Neither could the British Columbia government nor Queen Elizabeth II be considered exemplars of humane values. Though the Queen herself has rarely hunted, her husband, Prince Philip, at least twice shot more than 10,000 captive-raised birds in week-long sprees with other royalty. After the first such incident, in 1956, Princess Grace of Monaco prevailed upon her husband, Prince Rainier, to give up captive bird-shooting. The Queen, however, apparently said nothing when Prince Philip included their son, Prince Charles, in a similar week-long bloodbath.
Non-migratory Canada geese, whose normal range is just a few dozen miles, are unlikely to have made “non-nesting migrations” from New York City to Labrador.

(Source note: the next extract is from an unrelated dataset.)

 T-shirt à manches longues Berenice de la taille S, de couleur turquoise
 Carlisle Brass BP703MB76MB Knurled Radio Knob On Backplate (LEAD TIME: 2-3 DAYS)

The cost of wildlife contraception in the research-and-development phase, as with the cost of developing any pharmaceutical, is not to be confused with the actual cost of manufacture and delivery of a perfected product.
If broadcast distribution of oral contraceptives could be used, the cost of delivery would be comparable to the cost of deploying oral rabies vaccination, which has proved highly successful against rabies in foxes, raccoons, and coyotes, at cost of less than $1.00 per dose.
While developing oral contraceptives for wildlife that can be safely broadcast has not yet been accomplished, injectable chemosterilants effective in male animals are as inexpensive as calcium chloride, tests of which have been described in recent editions of ANIMAL PEOPLE by Parsumus Foundation director of medical research programs director Elaine Lissner and others.
Concerning the decline of roadkill, even as urban and suburban wildlife populations continue to increase, the largest data base on insurance claims is kept by State Farm Inc., the largest U.S. vehicular insurer. Deer/car collisions decreased for the third consecutive year in 2011, the most recent year from which data is available, after peaking in 2008.
Concerning the decline of the feral cat population, U.S. animal shelter admissions of cats fell by more than 75% in 10 years after the formal introduction of neuter/return in 1991-1992. Roadkill studies found a decline of more than 90% in the numbers of cats found dead on city streets.
Since then, results have leveled off, as detailed in “Feral cat neuter/return results appear to have plateaued,” ANIMAL PEOPLE, July/August 2012, but––significantly––shelter admissions of cats and roadkills of cats have not rebounded, indicating that neuter/return is at the very least suppressing a feral cat population recovery.
Finally, according to the Concord Grape Association, “The Concord grape is a robust and aromatic grape whose ancestors were wild native species found growing in the rugged New England soil. Experimenting with seeds from some of the native species,
Boston-born Ephraim Wales Bull developed the Concord grape in 1849.”